Brothers build homestead their grandfather never had chance to finish, using methods from 1910
CBC
When John Robinson was a kid, he used to sit and stare at a picture of an old sod house his grandfather built more than a century ago. Robinson and his twin brother, Frank, decided they would test their mettle and finish what their grandfather started.
"I think it's just going to be a chance to forget about 2023 and concentrate on 1910," John had told Shauna Powers, host of CBC's Saskatchewan Weekend a week before the build.
Their grandfather had built the sod home near Willows, Sask., but never finished a homestead shack, one they believe he would have constructed had he not died a few years after the home was built.

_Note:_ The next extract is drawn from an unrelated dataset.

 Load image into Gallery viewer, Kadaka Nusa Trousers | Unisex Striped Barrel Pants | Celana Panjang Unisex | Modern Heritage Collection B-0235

They have been planning the homestead's construction for years.
Sod homes were a common style of home building in the Prairies in the latter half of the 1800s, cheaply built out of blocks of sod and basic house fittings.

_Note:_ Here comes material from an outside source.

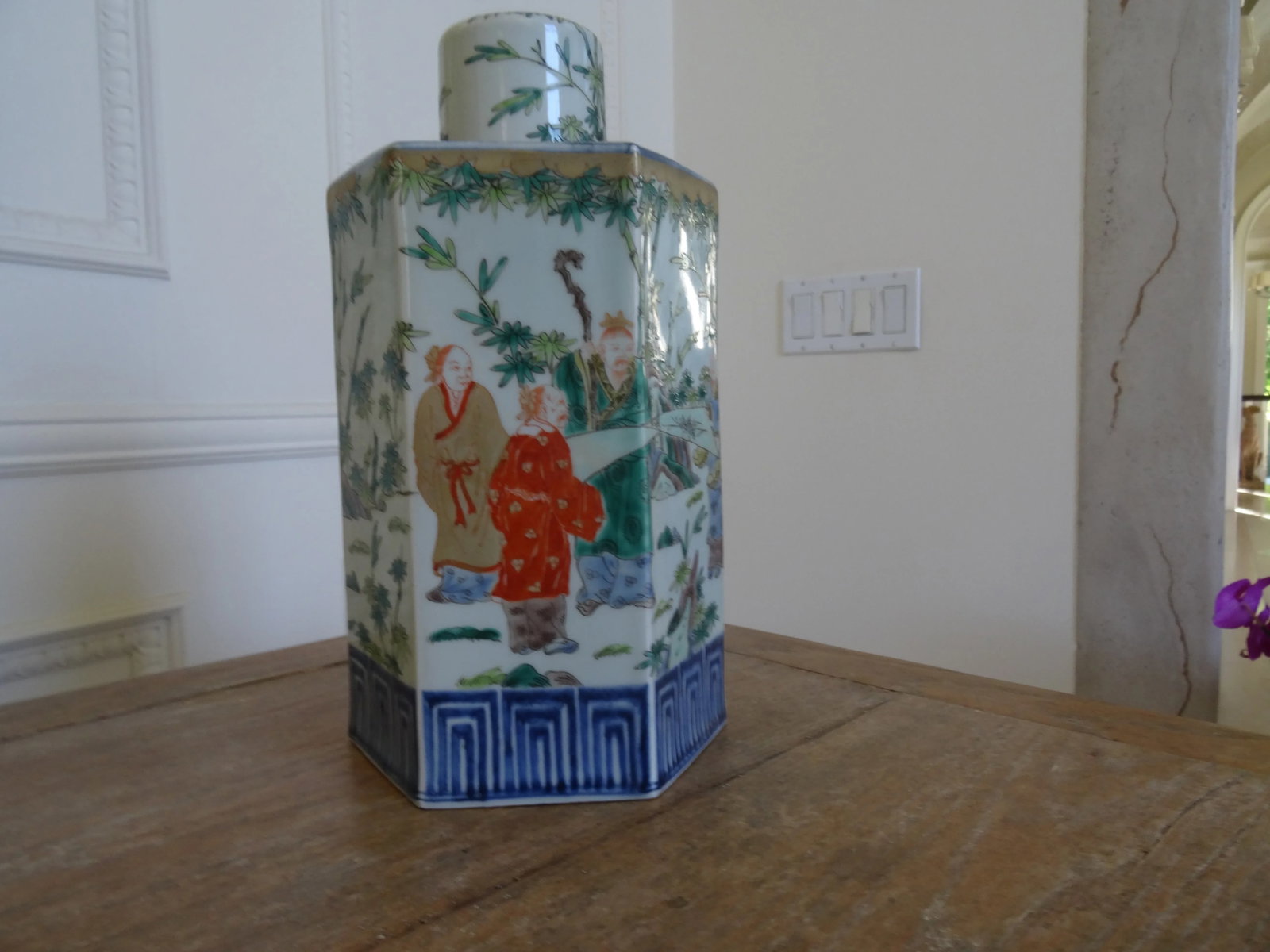 Mid 20th Century Chinese Hexagonal Covered Jar - 2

The construction began Thursday. At the build site Sunday, John said it had rained over their scheduled construction schedule, forcing a halt to the build for a time, though getting the tin on the roof Saturday was a sense of relief for him.
"No matter what happens now, the building is safe and secure," John said.
About 20 volunteers, from relatives to co-workers, are helping in what was planned to be a three-day build of the homestead shack on Frank's land in Lamont County, Alberta. When it's done, they plan to hang pictures inside to make it feel like it was their grandfather's shack.
John designs buildings in Regina, and built a cottage 14 years ago over a three-day span with more than 100 people. The blueprints for the 11-foot by 16-foot homestead shack are much different, though, including the lack of an electrical plan.
John was also dedicated to work within similar constraints his grandfather would have been under, even obtaining a wood-handled saw as part of his 1910-era tool set. He re-purposed old wood or got locally milled wood, and used Clydesdale horses to bring the wood from the mill to the site.
"When I thought about how long this building would take, you forget how long it takes to handsaw every board and nail every board and I'm used to living in a world with chop saws and air nailers," he said.
He estimates the 20 hours that went into the flooring could have been completed with a chop saw and an air nailer in about an hour.
John also planned to dress in century-old looking clothes, a time period he sometimes thinks he would be better suited for — though this build could change his mind.
The twins also had an elder and a pipe ceremony before they began to bless the land and to have a talking circle with people discussing what experience they would like to get out of the weekend build.
Frank said the ceremony, which included tying ribbons on the trees to represent the different directions, was very emotional and meant to honour those before them, both Indigenous and non-Indigenous.